投稿: 乙痴庵 | 2009年6月30日 12:41

マイケルはこれから復活というところだったのに残念でしたね。

Billy Jean も Beat It も Bad も Thriller も Say Say Say も Black Or White も、古くは Ben や I'll Be There なんかも全部好きなんですけど、耳が悪いのか彼の発音はなかなか聞き取れません。

Smooth Criminal なんてホントに何を言っているのかわからなくて、聴くたびに、『ジャンピン・ジャック・フラッシュ』という映画でウーピー・ゴールドバーグが手がかりのローリングストーンズのテープを再生しながら、'Mick Mick Mick, Speak English' と言っていたのを思い出してしまいます (^^;

マイケルの歌は、ラブソング以外にもメッセージ性のある曲や、スリラーのようにストーリーのある曲があったりと、バラエティに富んでいていいですね。

日本の歌は、恋愛の歌か人生の応援歌に二分されている印象で、今ひとつ面白みにかける気がしてしまいます。

それ以外の曲も作られているんでしょうが、いかにも大衆ウケを狙ったようなもの以外はなかなか表に出てこない感じですね。

戸川純みたいなインパクトのある歌をときどきは聴きたいなあと思っています。

>NHK のラジオ番組でアナウンサーが追悼の意を込めて、「それでは最後に、マイケル・ジャクソンさんの 『びーといっと』 をお送りします」 なんて言うのを聞くと、私はかなり脱力してしまうのである。

確かに興ざめですね。アナウンサーが「『ビーリッ』をお送りします」と言うところ、ちょっと聞いてみたい気もします(笑)
(『ビーリッ』だと、「マイケル・ジャクソンで『ビーリッ』」みたいに語順も変えないとなんか収まりが悪いですね)。

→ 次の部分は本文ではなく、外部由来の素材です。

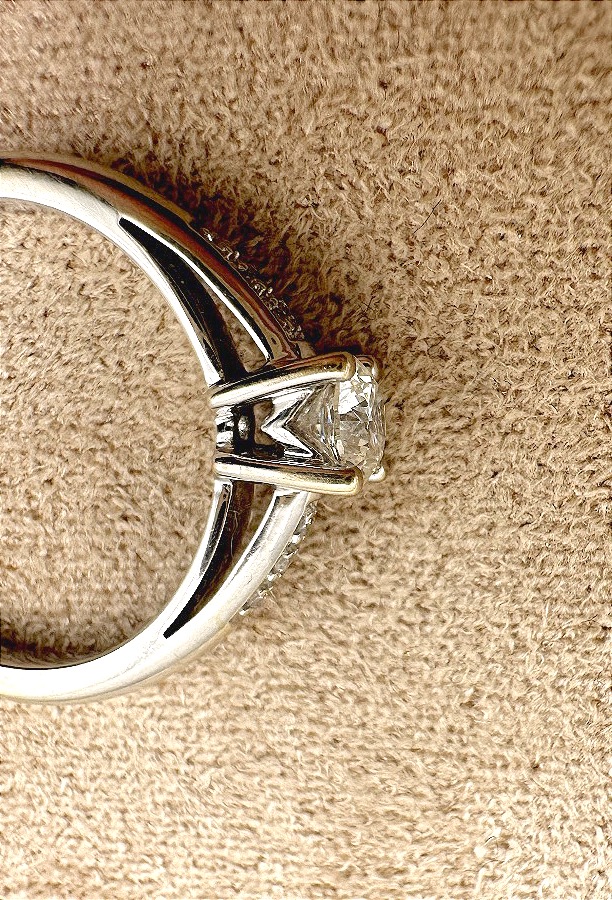 Mauboussin Solitaire -photo-3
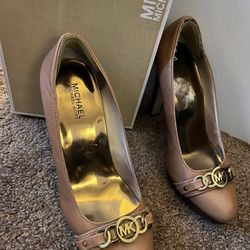 Michael Kors Heels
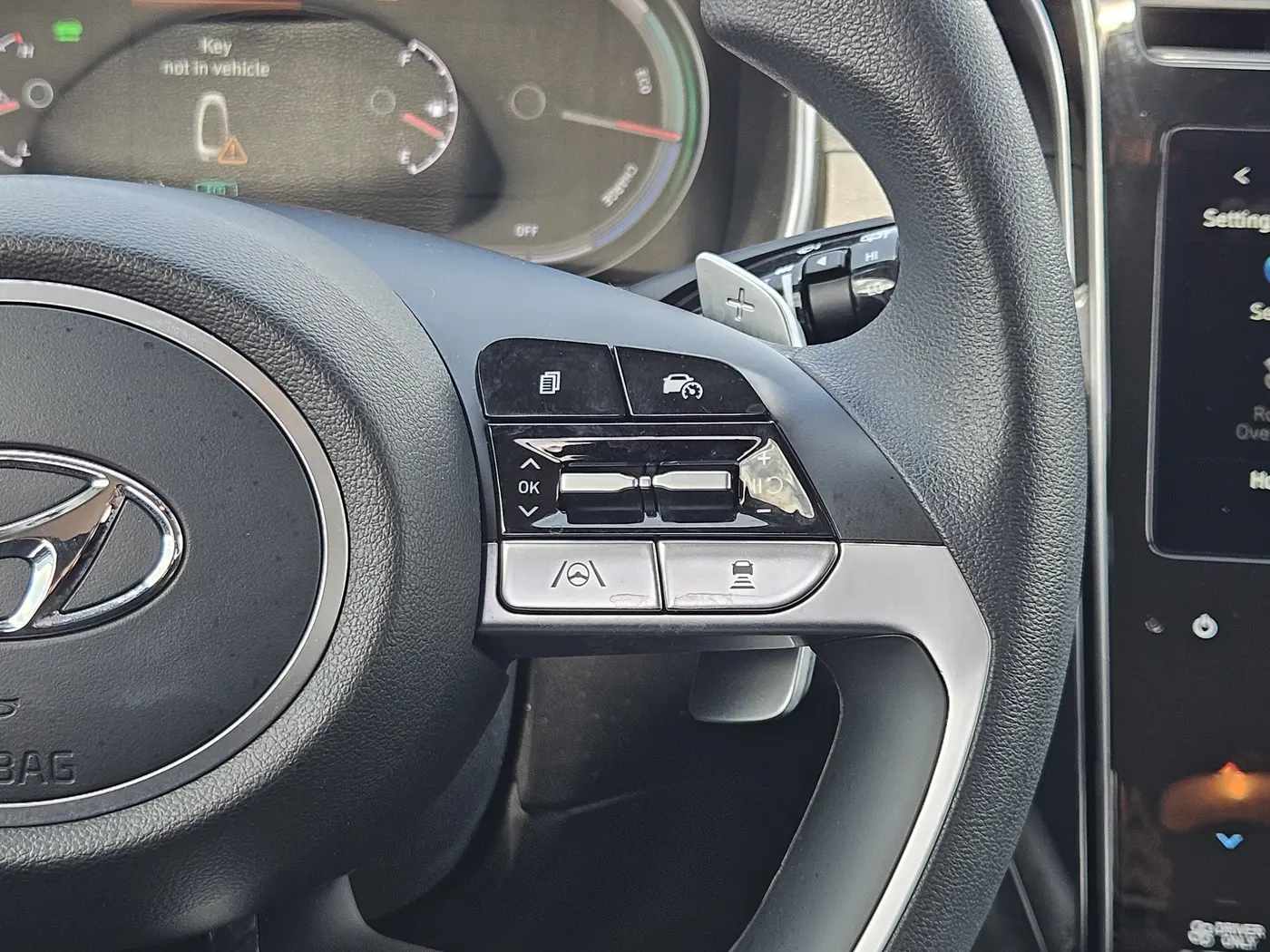 2024 Hyundai Tucson - $28,924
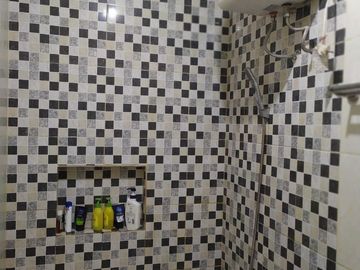 Dijual Rumah Siap Huni di Casa Jardin 2 Lantai Luas Tanah 126 m2 Cluster Catalya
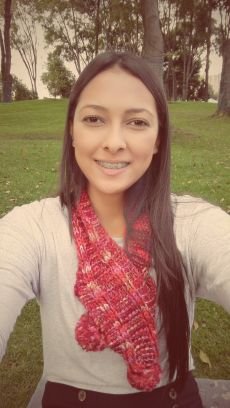 ShirlaineCS's profile picture. Ingeniera Industrial...                                                             (: Enamorada de Dios :)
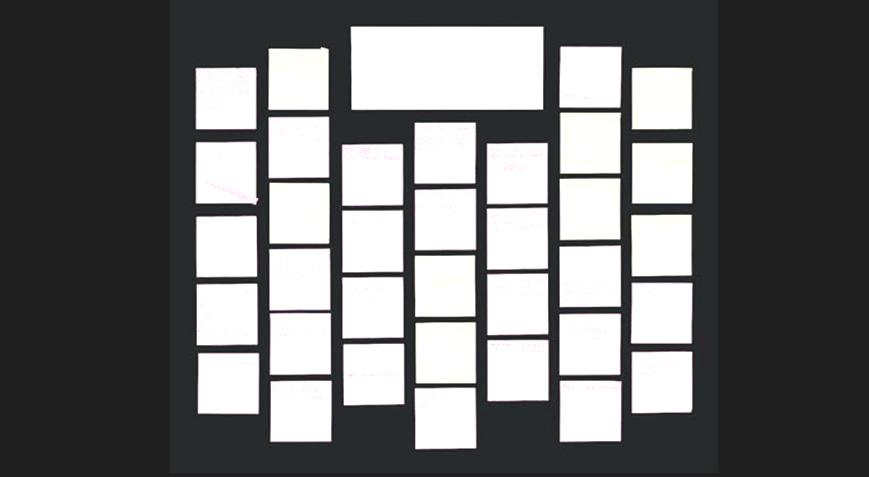 Bowie’nin ‘müzikal’ notları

投稿: ぐすたふ | 2009年6月30日 21:28

乙痴庵 さん:

>ハマコーは、自称「ベェッ」でしたね。

ここでハマコーが出てくるとは思いませんでした。
(マイコーと韻を踏んでるけど ^^;)

ハマコーは、マイコーより村田英夫がお好きのようです。

投稿: tak | 2009年6月30日 23:55

ぐすたふ さん:

>マイケルはこれから復活というところだったのに残念でしたね。

復活しても、ちゃんとダンスができたでしょうかね。

エルヴィスの晩年のステージ (あの白いびらびら服の、もっさりとした動きの) を思い出してしまい、マイケルもあんなになったらやだなあと思っていたところでした。

>耳が悪いのか彼の発音はなかなか聞き取れません。

彼の発音は、結構濃厚な R&B の系譜に乗っかっていますので、グスタフさんの耳が悪いわけではないと思いますよ。

>マイケルの歌は、ラブソング以外にもメッセージ性のある曲や、スリラーのようにストーリーのある曲があったりと、バラエティに富んでいていいですね。

それは本当にいえます。
ものすごい才能だと思います。

投稿: tak | 2009年7月 1日 00:01

>NHK のラジオ番組でアナウンサーが追悼の意を込めて、「それでは最後に、マイケル・ジャクソンさんの 『びーといっと』 をお送りします」 なんて言うのを聞くと、私はかなり脱力してしまうのである。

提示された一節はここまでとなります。